An HOA or COA board can change the bylaws at any time. “An HOA is a living and breathing organization,” Pirain says. For homeowners who wish to incite changes within the neighborhood, attending forums, writing to the board, or even running for board election are great ways to get involved.
Property owners associations and residential owners associations
What is a POA?
A property owners association (POA) encompasses a mix of property types, including condos, townhomes, single-family homes, and sometimes even businesses or commercial property. In some cases, property managers who represent properties within the POA jurisdiction can also join.
The goals of a POA include overall community improvement and long-term development.
What is a ROA?
A POA may also be called a residential owners association (ROA). The functionality and goals of POAs and ROAs are fundamentally the same.
What does a POA (or ROA) do?
While they may also be interested in property values and aesthetics (like an HOA or COA), a POA or ROA goes beyond that scope to also include services, programs, and committees that would benefit the whole of the community. Paint colors and roof design may be a part of a POA’s determinations, but typically, a POA will also discuss things like clubs, community parks, events, and even business operating licenses, in some cases.
A POA might cover one neighborhood, an entire town, or multiple towns; it can also focus on one delineated area (like a historic district or a golf course). A POA or ROA might also encompass one or more HOAs or COAs.
Pirain mentions the planned community of Celebration, Florida, as an example. The Celebration ROA is made up of a collection of neighborhoods –– some single-family, some duplexes, some townhomes, some condos, and some apartment complexes. All of the neighborhoods fall under the ROA; the ROA informs and oversees the individual neighborhoods in terms of aesthetics and overall community development. This keeps the entire town cohesive in terms of atmosphere and experience.
A POA may or may not be mandatory and will usually charge additional fees over and above HOA fees. To continue with the Celebration ROA example, all owners are expected to pay a yearly flat fee to the ROA in addition to the variable monthly fee to maintain their own particular neighborhood (like an HOA).

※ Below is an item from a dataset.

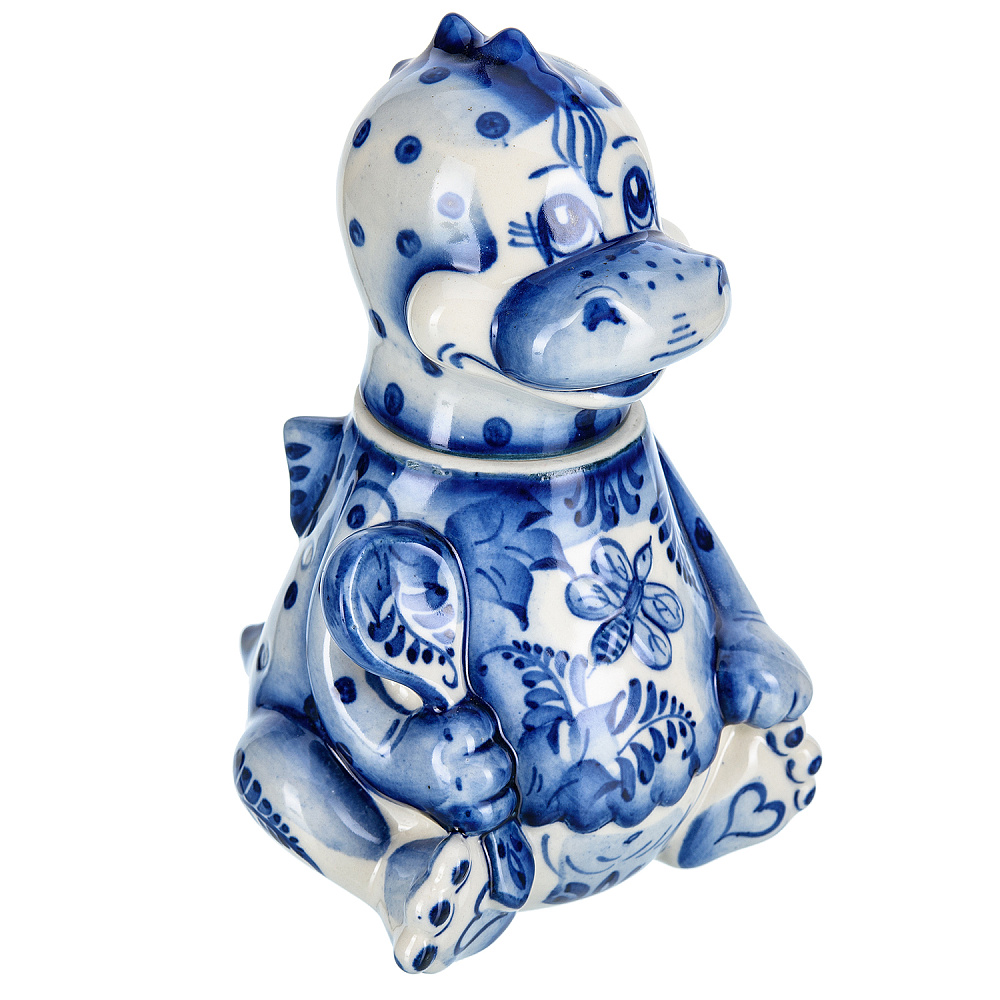 Банка фарфоровая «Дракоша». Гжель - интернет магазин Русь Велика я фото 2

As far as getting involved, POA boards may hold town meetings to vote on certain community aspects. However, homeowners should be aware that change is much harder to institute in a POA simply because of the premise. If you are part of a POA, you are likely part of a planned community –– one with specific standards that have been set since the formation of the POA.
So what’s the difference?
For simplicity’s sake, let’s compare HOAs and POAs side by side.
HOA (or COA)
POA (or ROA)
|Oversees a limited neighborhood or building||Oversees several neighborhoods, buildings, and possibly commercial properties|
|Membership could be mandatory or voluntary||Membership could be mandatory or voluntary|
|Property value is the main goal||Larger community planning is the main goal|
|Aesthetics often of primary concern||Aesthetics are a part of their concern|
|Dues collected yearly, quarterly, or annually||Additional dues may be collected on top of any HOA|
|May add or maintain amenities or events||May add or maintain services, amenities, clubs, events, and more|
|Board members are usually elected homeowners||Board members may be homeowners or property planners|
|Bylaws may be simple or complex||Bylaws are likely complex and specific|
|Could fine homeowners for noncompliance||Could fine homeowners for noncompliance|
Associations aren’t for everyone, so buyers should weigh the pros and cons carefully. In Pirain’s experience, “Some people say, ‘don’t tell me what I can do with my house.’” Others appreciate the visual continuity and united environment that comes with associations. Each homebuyer should research their potential home’s associations thoroughly before purchasing and think through how being a part of those associations will affect their personal lifestyle.